What Therapy Actually Is

Therapy is a professional relationship in which a trained practitioner helps you understand the patterns in your thoughts, feelings, and behaviours, and develop more effective ways of relating to yourself and your life. It is not advice-giving. It is not someone telling you what to do or what to feel. It is not a confession that you cannot cope. It is a structured, evidence-based intervention for improving psychological health, no different in principle from physiotherapy for a physical injury: you go, you do difficult work, you develop new capacity, you leave stronger than you came.

Different types of therapy address different concerns. Cognitive Behavioural Therapy has the strongest evidence base for anxiety and depression and works by identifying and restructuring unhelpful thought patterns and behavioural responses. Psychodynamic therapy explores how past experiences, particularly from early life, shape present patterns in ways that are often outside conscious awareness. Acceptance and Commitment Therapy builds psychological flexibility and the capacity to move toward what matters even in the presence of difficult thoughts and feelings. Trauma-focused therapies, including EMDR and somatic approaches, address the specific ways traumatic experience is held in the mind and body and how it can be processed and integrated.


The Cost Question Has Real Answers

Private therapy in India's major cities typically costs between Rs 1,500 and Rs 5,000 per session, which is genuinely inaccessible for many young people. But lower-cost options exist and are far less known than they should be. NIMHANS, the National Institute of Mental Health and Neurosciences, offers outpatient mental health services. Government district hospitals have psychiatry and psychology departments. iCall, run by the Tata Institute of Social Sciences, offers affordable counselling by trained professionals. Vandrevala Foundation runs a free 24-hour mental health helpline. Online therapy platforms including YourDOST, Wysa, and InnerHour offer more affordable access than traditional in-person therapy. University counselling services, where they exist, are typically free to students.


"Asking for help is not giving up. It is refusing to give up on yourself.
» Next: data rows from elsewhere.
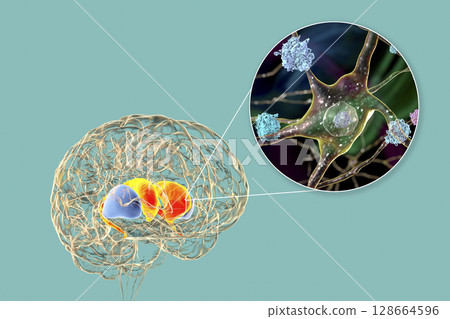Neuronal inclusions in Huntington's disease, 3D illustration 128664596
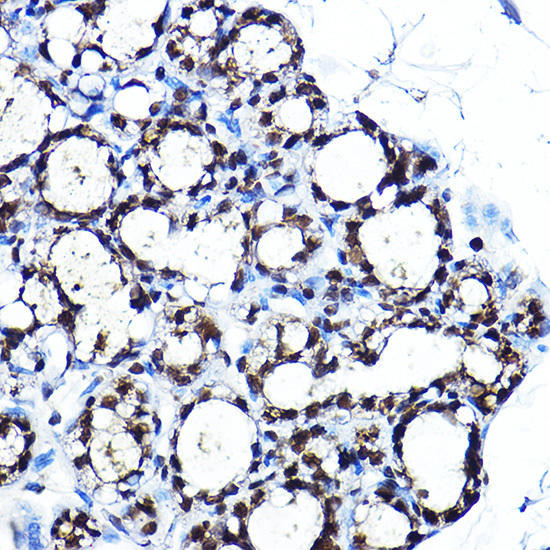 PPARγ Rabbit Polyclonal Antibody (CAB11183)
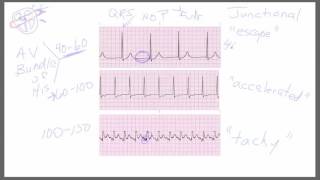 Junctional Rhythms [upl. by Amr956]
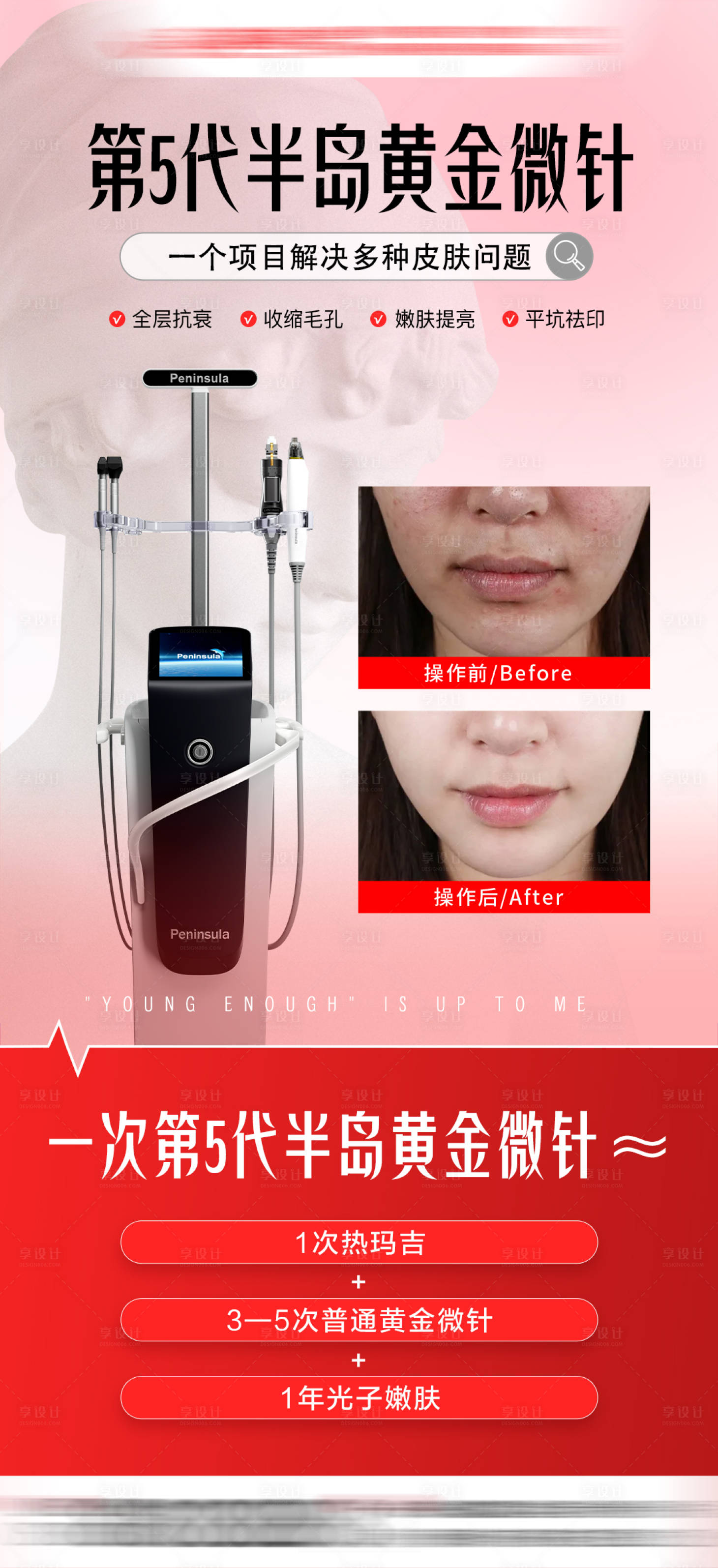 源文件下載【享設計】搜索編號：81600033096815893【半島黃金微針案例海報】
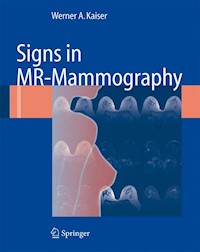 Signs in MR-Mammography - Werner A. Kaiser - E-Book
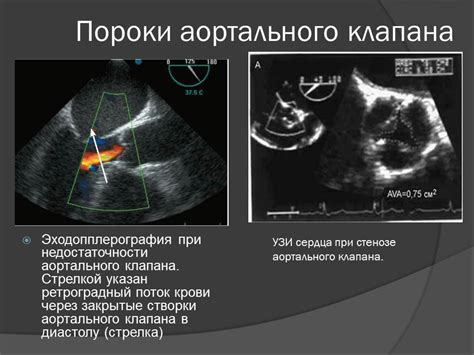 Узи сердца: что значит показатель ФВ 41%?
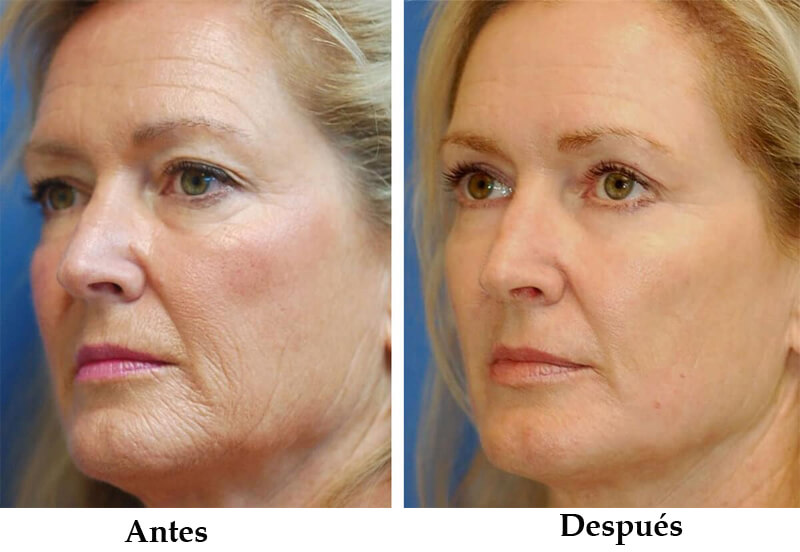 Erbium laser treatment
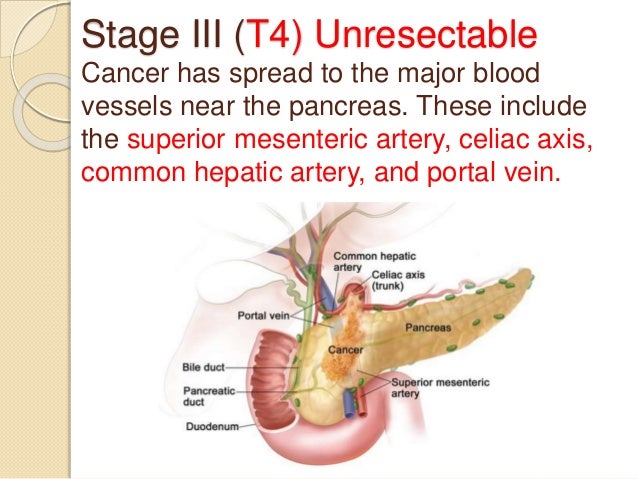 What are the stages of metastatic liver cancer?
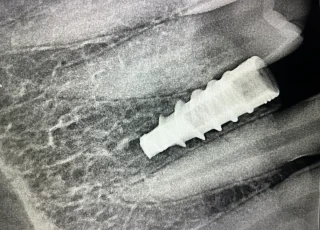 dental implant with healing abutment xray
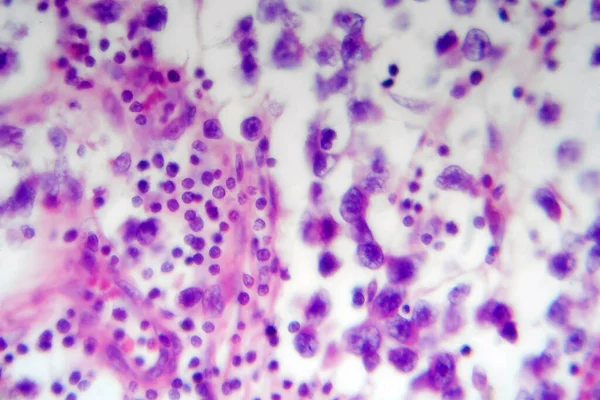 Séminome Testiculaire Micrographie Photonique Photo Microscope Une Tumeur Commune Des — Photo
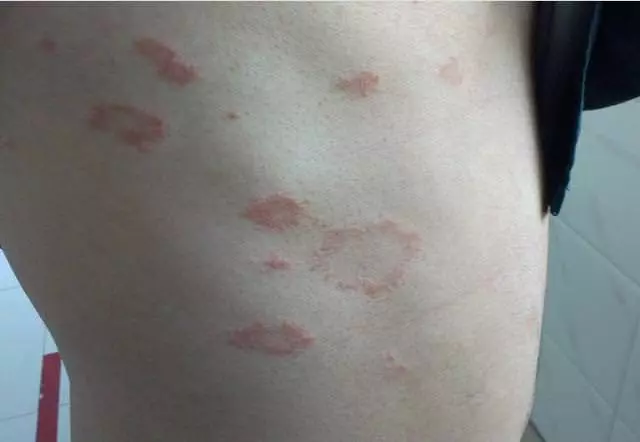 得肝癌前一個月,身體會有個最好認的徵兆,一旦出現就需警惕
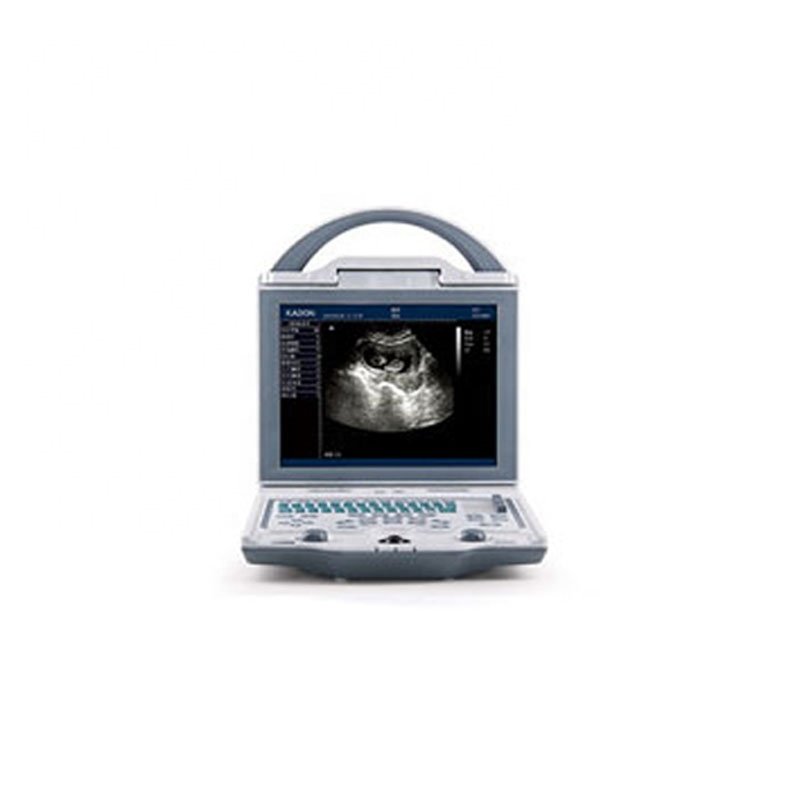 medical ultrasound instruments Small vet/veterinary ultrasound animals dog/horse usg machine price KX5600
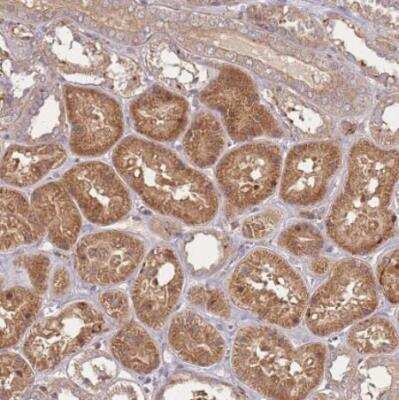Immunohistochemistry-Paraffin: METTL10 Antibody [NBP2-14232] - Staining of human kidney shows moderate cytoplasmic positivity in cells in tubules.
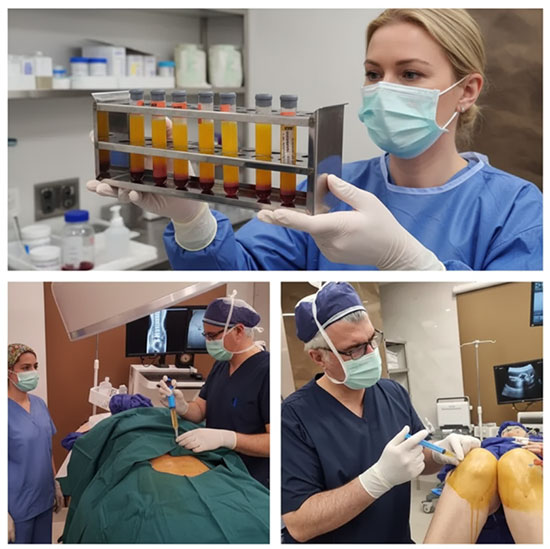 تزریق svf به زانو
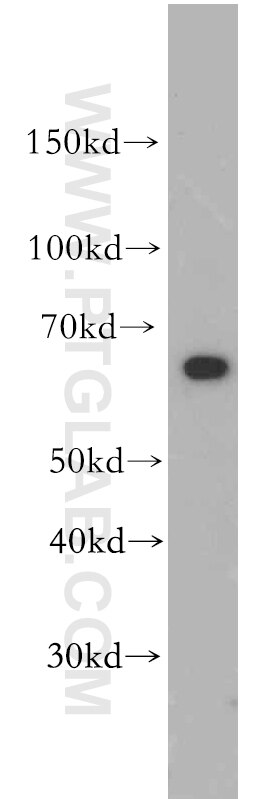 Western Blot (WB) analysis of human brain tissue using SLC22A15 Polyclonal antibody (20626-1-AP)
That is the braver choice."


On Stigma and What It Actually Costs

The stigma around mental health treatment in India operates at multiple levels simultaneously. There is the individual level: the internalised belief that needing help is a weakness. There is the family level: the fear that a member seeking therapy reflects badly on the family's functioning or honour. There is the social level: the professional risk in certain environments of being known as someone who struggles with mental health. And there is the cultural level: religious and philosophical traditions that sometimes interpret psychological distress as a spiritual failure rather than a health condition.


Each of these layers of stigma has a cost. The cost is measured in untreated depression, in unresolved trauma, in anxiety that compounds over the years, in lives that are smaller and more painful than they needed to be. The way stigma changes is when people speak honestly about their own experience. You are not required to announce your therapy on social media. But you are allowed to tell the truth to a friend. And that truth might be the permission someone else needed to seek the help they have been putting off for years.